Qu’est ce qui rend la vue d’un lac plat, en plein été, si fascinante ? Non pas le calme qui s’en dégage. Non, ce qui accroche le regard, et donc l’attention, c’est la multitude de petits détails qui donnent à ce tableau apparemment sans accroc toute sa dimension : ici un reflet d’une couleur différente, là un oiseau qui perce le ciel, plus loin un squelette d’animal dévoré par des vautours ou encore ce vent chaud annonciateur d’un orage qui ne saurait tarder. The Courage Of Others est fait de cette essence, il scintille de mille feux, à la condition unique de s’y attarder, de s’y plonger corps et âme, et d’accepter de s’y perdre. Comment apprécier autrement toute la grâce de “Fortune”, contrepoint solaire de la si macabre “Winter Dies” ? Dit-on d’un tableau de Pierre Soulages qu’il est noir, car même si c’est vrai, est-ce seulement suffisant ? Non, on le décrit comme utilisant une palette de nuances infinies de noir. Midlake use du même stratagème pour ce disque sépulcral, fouissant le sol pour y receler des trésors inestimables, jouant d’une palette de sons tous plus maussades les uns que les autres mais qui, unis, forment une bâtisse imprenable. Ici une ligne de basse pantelante, là une batterie massive, plus loin une guitare acoustique en perdition, et toujours ce chant suspendu, comme flottant entre vie réelle et imaginaire. On ne saurait que trop se soumettre au pouvoir magnétique de “Children of the Grounds”, ou se coucher au pied de “Bring Down”, cette ballade infiniment désespérée, illuminée par la voix de la séraphique Stephanie Dosen. Il conviendrait même de s’appesantir sur l’évidente majesté de “Acts of Man”. On pourrait ainsi détailler le moindre titre, contredisant au passage le reproche principal fait à cet opus qu’il ne contient aucun tube : si c’est vrai, en quoi cela est-il indispensable dans la mesure où il se suffit largement à lui-même ?

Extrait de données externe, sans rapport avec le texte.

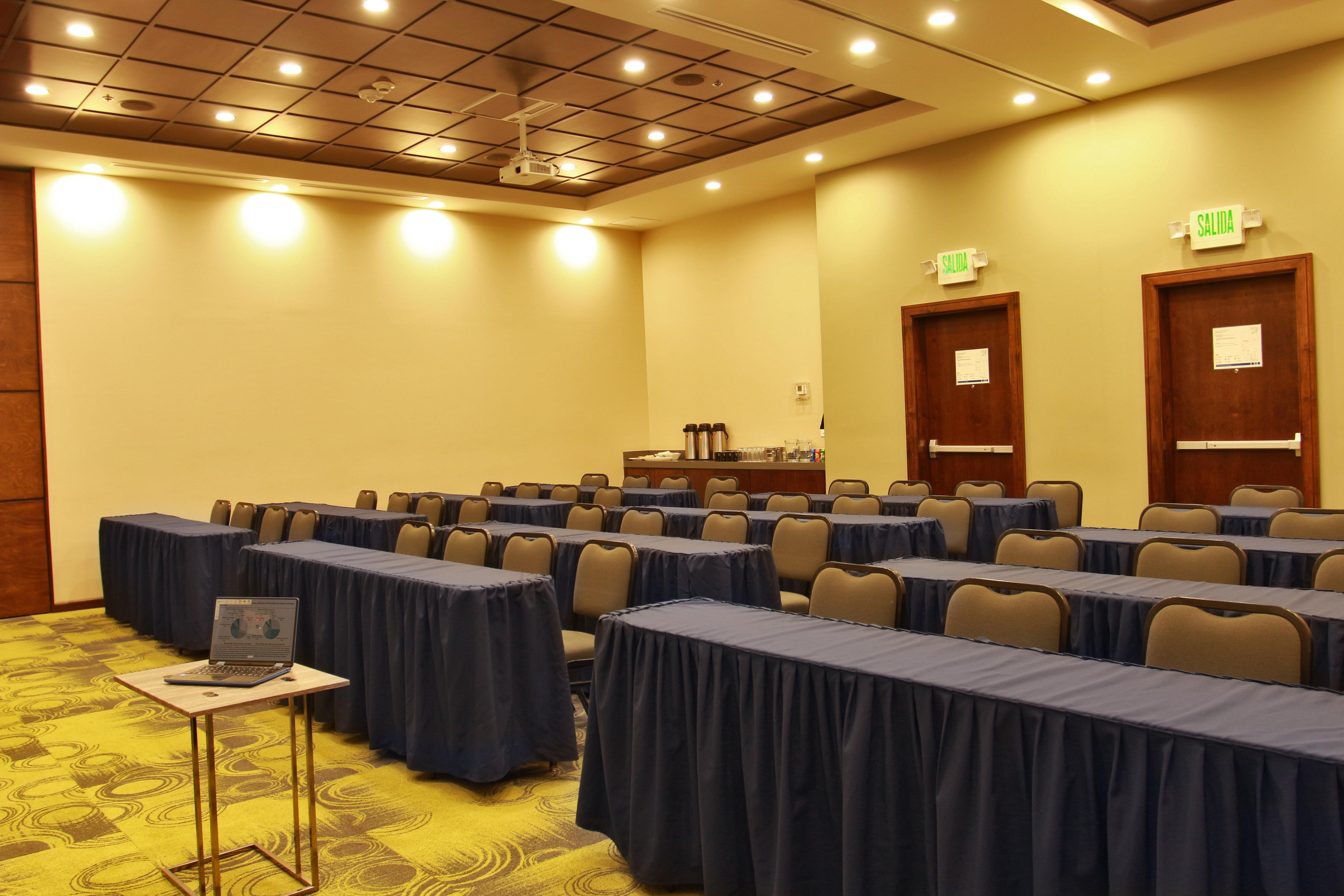 Holiday Inn Express & Suites Mexicali By Ihg Eksteriør bilde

Bien sûr, The Courage Of Others se mérite, demande une attention que notre époque n’autorise plus vraiment, s’inscrivant à contre-courant de cette absolue nécessité de pouvoir être écoutable en shuffle sur son iPod. C’est même un vrai album comme on n’en avait pas entendu depuis bien longtemps, auquel seul le carbone 14 rendra pleinement justice. Mais sans être une pierre angulaire, il n’en reste pas moins un grand disque, où sagesse et désarroi s’affrontent jusqu’au sang, qui assume sa part d’ombre et rechigne à flirter avec ses congénères. Il s’agit là d’une oeuvre assumée, majeure sans être majuscule, et qui résistera aux railleries ou au reniement. On est prêt à prendre le pari, ici et maintenant.